:: Records supplied

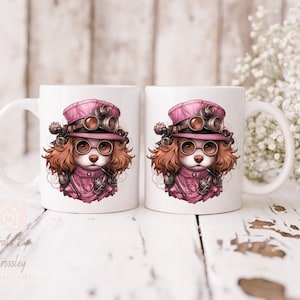 Steampunk mug, pink steampunk mug, steampunk dog mug, steampunk cat mug, gift for her, gift for her, gift for friend, coaster, steampunk mug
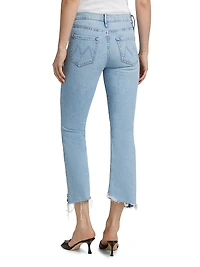 The Insider Pointy Fray Low-Rise Stretch Crop Jeans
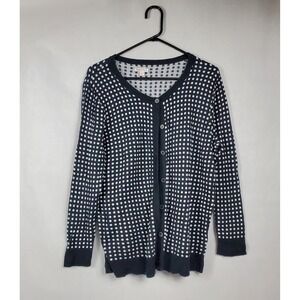 Merona Womens XXL Navy Black White Polka Dot V-Neck Cotton Cardigan Sweater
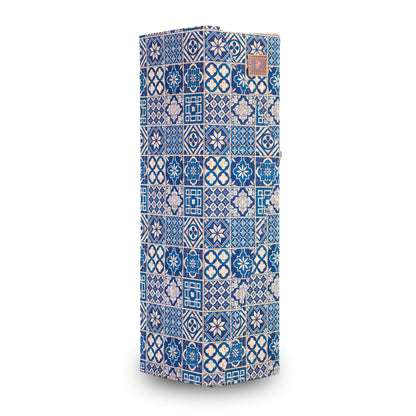 Cork Wine Gift Box | Boho Tile Print, Hexagonal Flip-Top & Cork Interior — L-1190
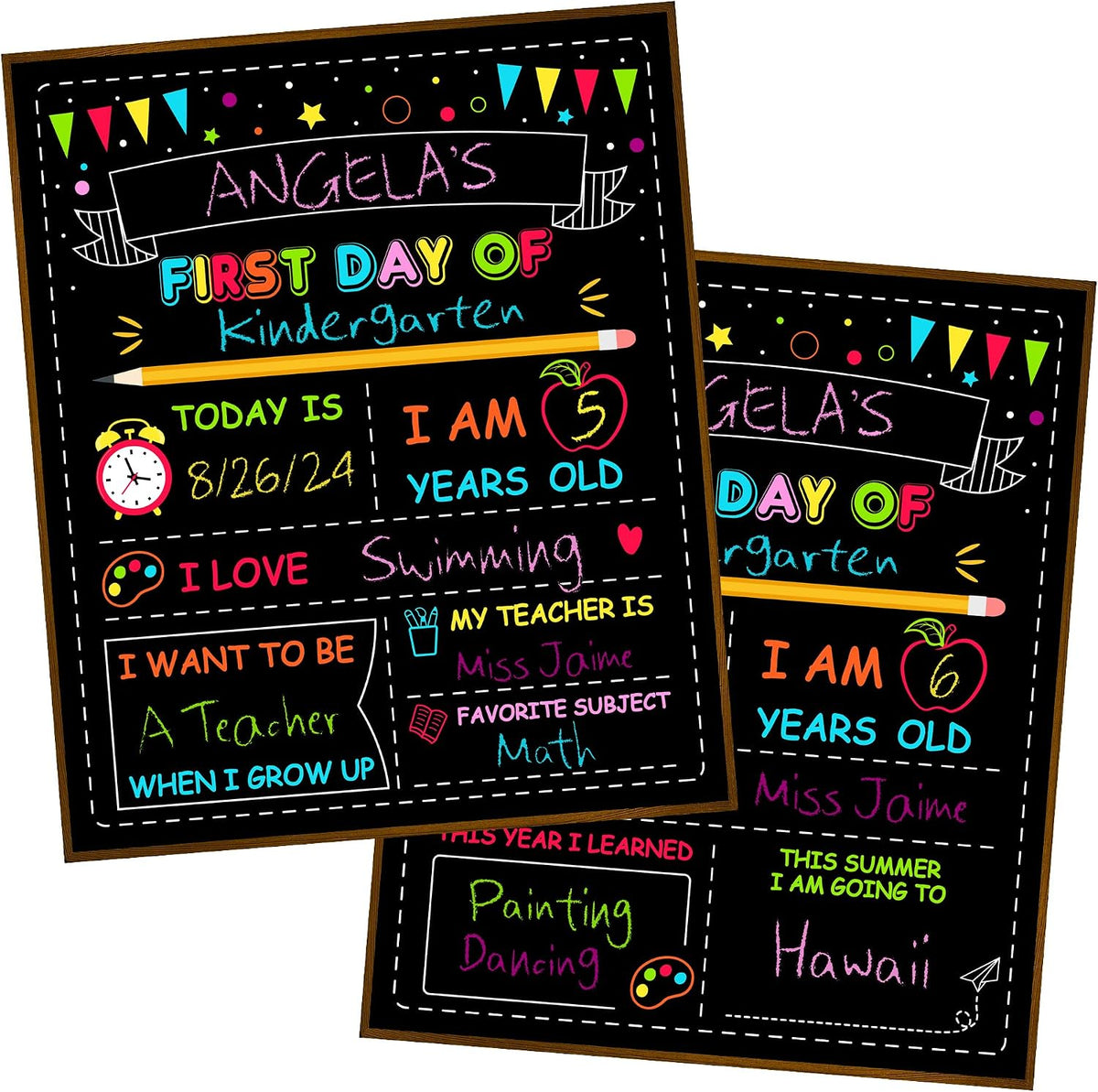 Double-Sided First Day of School Board - 1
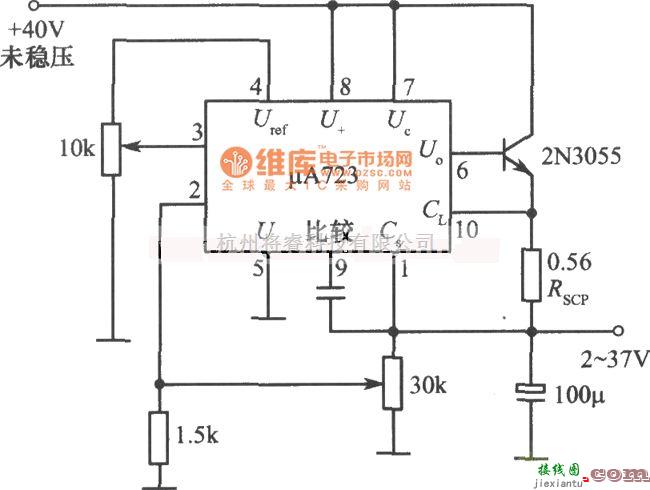 稳压电源中的μA723构成的2～37V可调稳压电源电路图  第1张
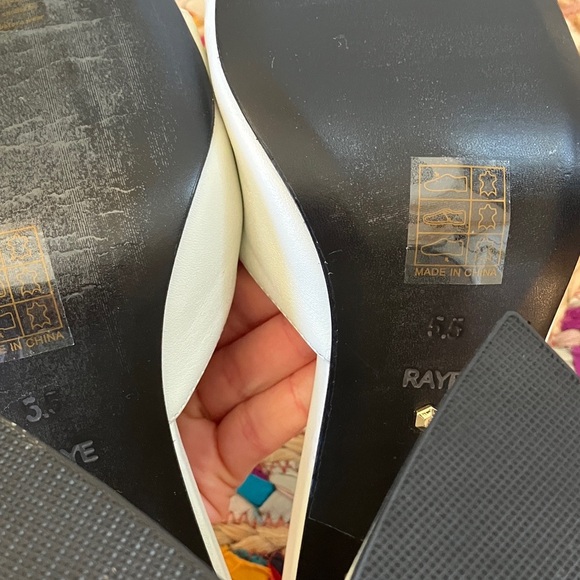 NWT RAYE White Mules Slide Heels - Picture 5 of 6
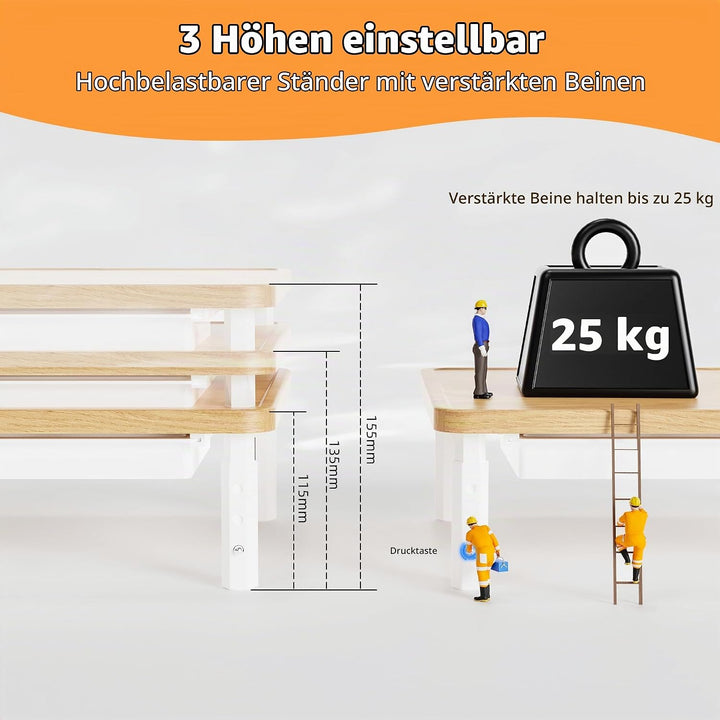 ETHU Monitorständer mit Schublade, 3-fach Höhenverstellbar, bis 25KG Eiche, Eiche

::::

◆ Your assignment ◆
From the listing above, print every entry precisely and drop the pictures.

◆ Finished exercise ◆
 Steampunk mug, pink steampunk mug, steampunk dog mug, steampunk cat mug, gift for her, gift for her, gift for friend, coaster, steampunk mug
 The Insider Pointy Fray Low-Rise Stretch Crop Jeans
 Merona Womens XXL Navy Black White Polka Dot V-Neck Cotton Cardigan Sweater
 Cork Wine Gift Box | Boho Tile Print, Hexagonal Flip-Top & Cork Interior — L-1190
 Double-Sided First Day of School Board - 1
 稳压电源中的μA723构成的2～37V可调稳压电源电路图  第1张
 NWT RAYE White Mules Slide Heels - Picture 5 of 6
 ETHU Monitorständer mit Schublade, 3-fach Höhenverstellbar, bis 25KG Eiche, Eiche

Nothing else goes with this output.